In addition to the four slabs I received, Anita from Camaya also enclosed this small box of twelve assorted truffles and ganaches, complete with a menu listing the full range of Camaya chocolates. There are twenty seven available in all, so I had a chance to review just under half of the range.
The chocolates all have a quite distinctive look to them, as you can see.
So, what did I receive?
First one out was a white chocolate ganache with lemon, reinforced with a hint of limoncello. The tartness of the lemon was balance nicely by the soft sweetness of the ganache and white chocolate shell. Soft in the mouth, the lemon flavours were sharp and clean. A good counterpoint to white chocolate.
The other white chocolate ganache was a cardamon and cream blend. The cardamon flavour was there from the first bite, infusing the sweet creamy filling with its distinctive flavours. If you like cardamon, you’ll love this.
A milk chocolate with Tonka Bean was next up. I’d tried Tonka Bean before in a Stainer chocolate bar, and quite liked the flavour. It’s a distinctive, slighty nutty flavour which works very well with milk chocolate.
A basil and lime concoction provided some interesting subtle flavours. I’ve tried both basil chocolate and lime chocolate before, but I’ve never seen them combined. Both flavours are quite subtle – there’s no citrus blast or overpowering taste of basil, and the two work together surprisingly well. Top marks for bravery.
A real standout was the Sesame Crunch. Caramelised ganache with sesame brittle in dark chocolate. Burnt sugar and sesame flavours combine with the dark flavours of the cocoa to give a mouthwatering caramel/nut/cocoa hit. Delicious.
The Tanzanie proved to be a little disappointing. The dark cocoa flavours were there but the centre seemed to be lacking in moistness. It was a little too chewy compared to the previous ones. Possibly a storage or transporting issue, which was a shame.
A Mace and Lemon ganache had some interesting flavours. Both dark and milk chocolate were used to make this subtley flavoured concoction, which didn’t pack the lemony punch of the white chocolate ganache with lemon, but came across as a more delicate, cakey sort of flavour combination.
The ginger ganache was a lot less upfront than I had expected. The warming ginger flavour came through very slowly and never detracted from the dark cocoa flavours. Perhaps not strong enough for some people, but you could tell there was ginger there alright.
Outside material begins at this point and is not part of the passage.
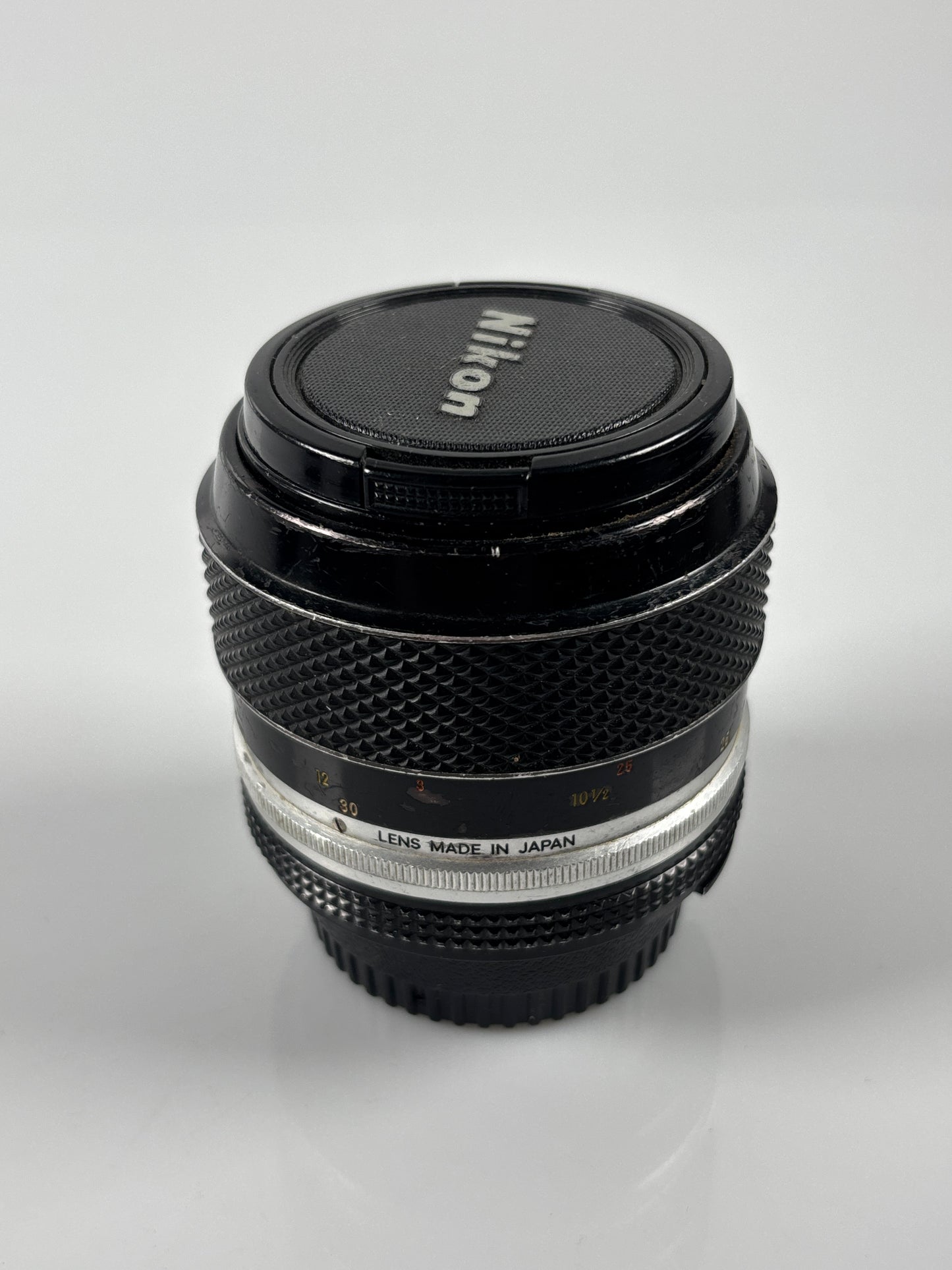 Nikon Nikkor P Auto AI 55mm f3.5 Micro Lens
The dark chocolate and spearmint ganache was a bit of a let down. Not much mint flavour going on at all, but the ganache was soft and full of cocoa flavour.
The three truffles I tried were definitely the runts of the litter. From the menu I ascertained that I had been given a Malt Whiskey truffle, a Menthe truffle, and an Amaretto truffle, but the flavours just failed to make any sort of impact. I had expected much more flavour from these three, and I was disappointed to discover that two of them were indistinguishable from each other! Maybe they weren’t as fresh as they could have been, I don’t know.
Overall, a good selection of ganaches but with a slightly patchy performance. Based on the slab tastings, I know that the chocolate Camaya use is of a good standard, but I’d say that some of these chocolates need a bit of work to get them up to the high standard that’s expected from handmade premium chocolates.